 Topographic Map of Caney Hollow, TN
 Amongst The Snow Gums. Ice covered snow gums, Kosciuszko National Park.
--*--
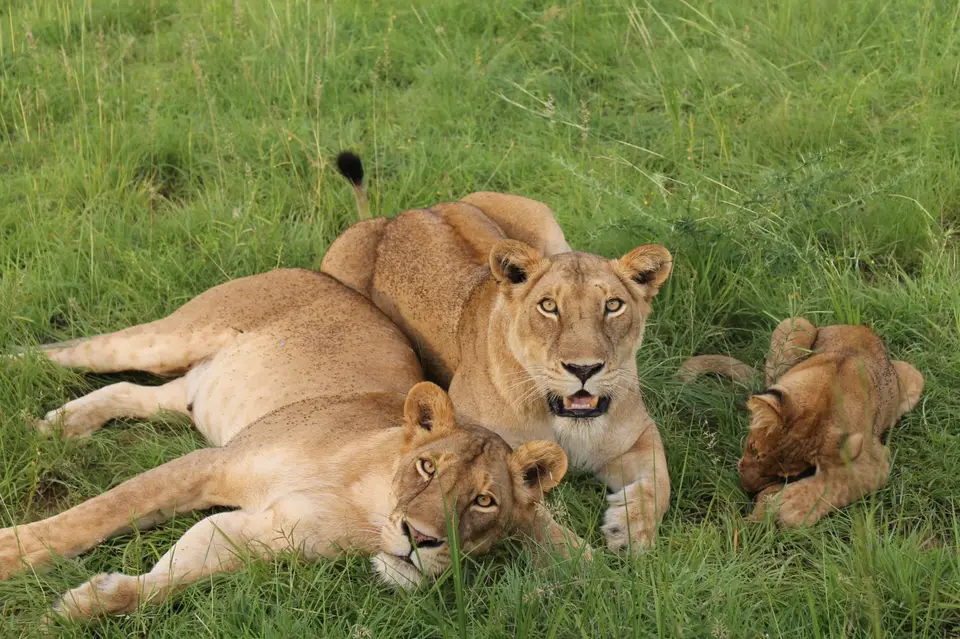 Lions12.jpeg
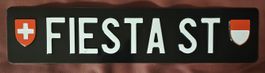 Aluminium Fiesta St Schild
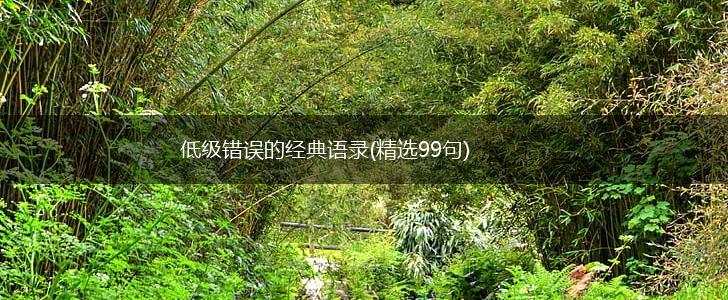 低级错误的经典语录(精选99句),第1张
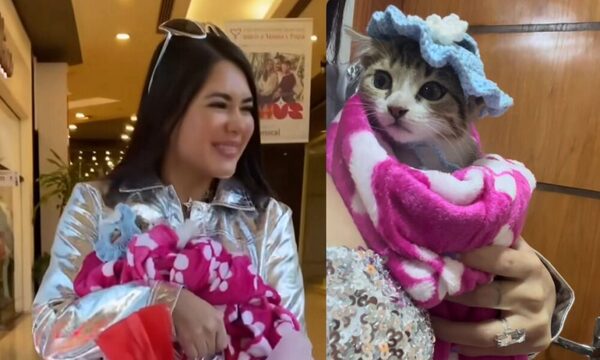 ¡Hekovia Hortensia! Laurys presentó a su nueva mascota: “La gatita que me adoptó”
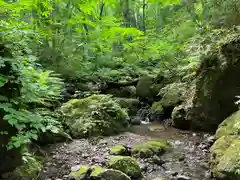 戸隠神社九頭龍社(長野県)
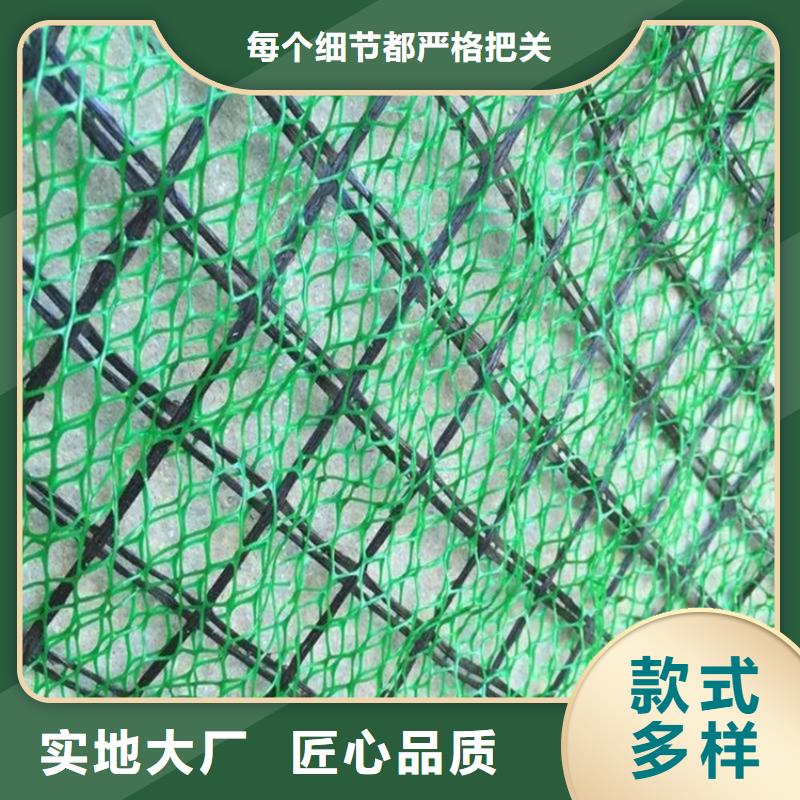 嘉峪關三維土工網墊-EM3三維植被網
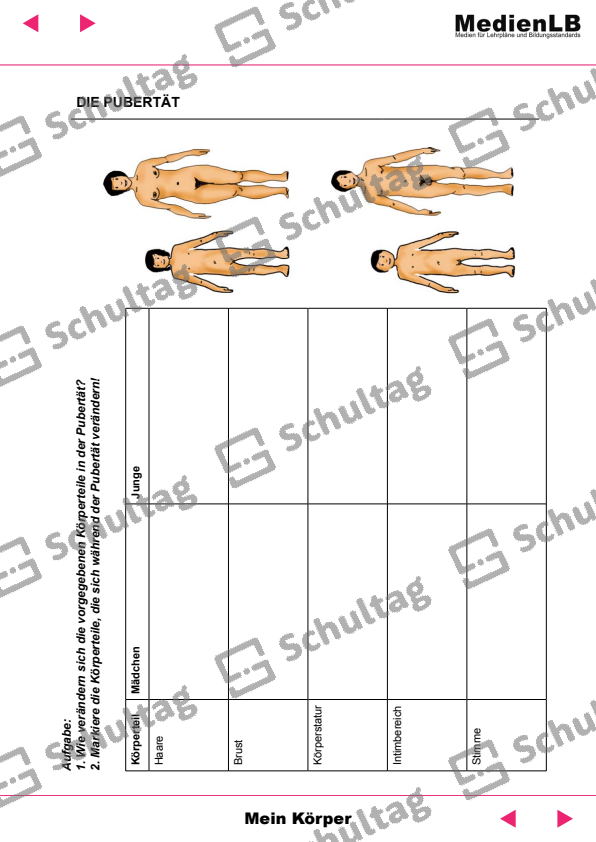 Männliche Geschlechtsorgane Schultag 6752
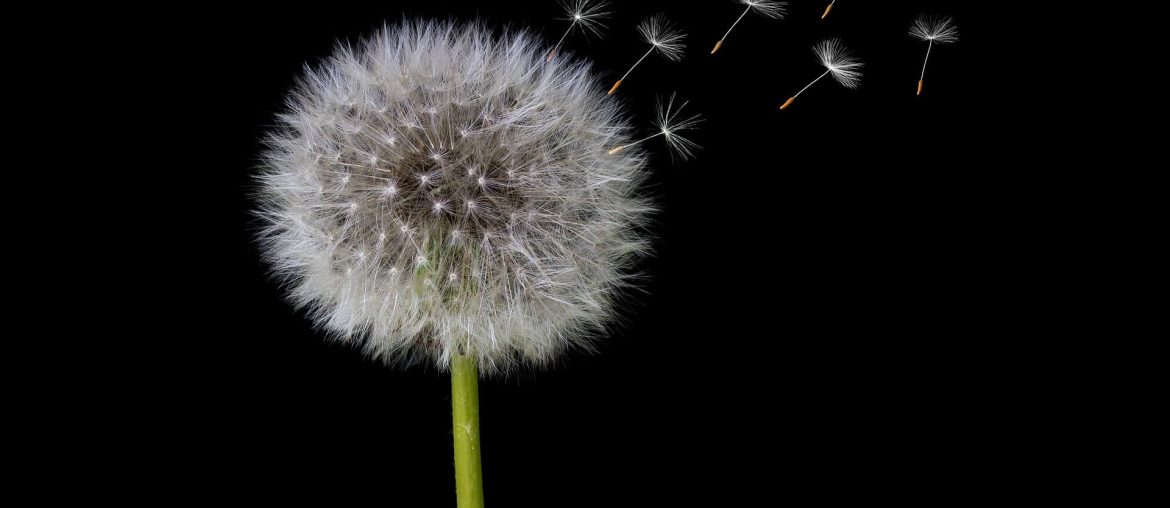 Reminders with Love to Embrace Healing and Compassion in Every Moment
--*--
▶ **EXERCISE INSTRUCTIONS**
Copy the stretch of the records above that runs from the line with "Topographic Map of Caney Hollow, TN" through the line with "Amongst The Snow". Both end lines belong in the copy, and nothing else does.

▶ **WRITTEN SOLUTION**
 Topographic Map of Caney Hollow, TN
 Amongst The Snow Gums. Ice covered snow gums, Kosciuszko National Park.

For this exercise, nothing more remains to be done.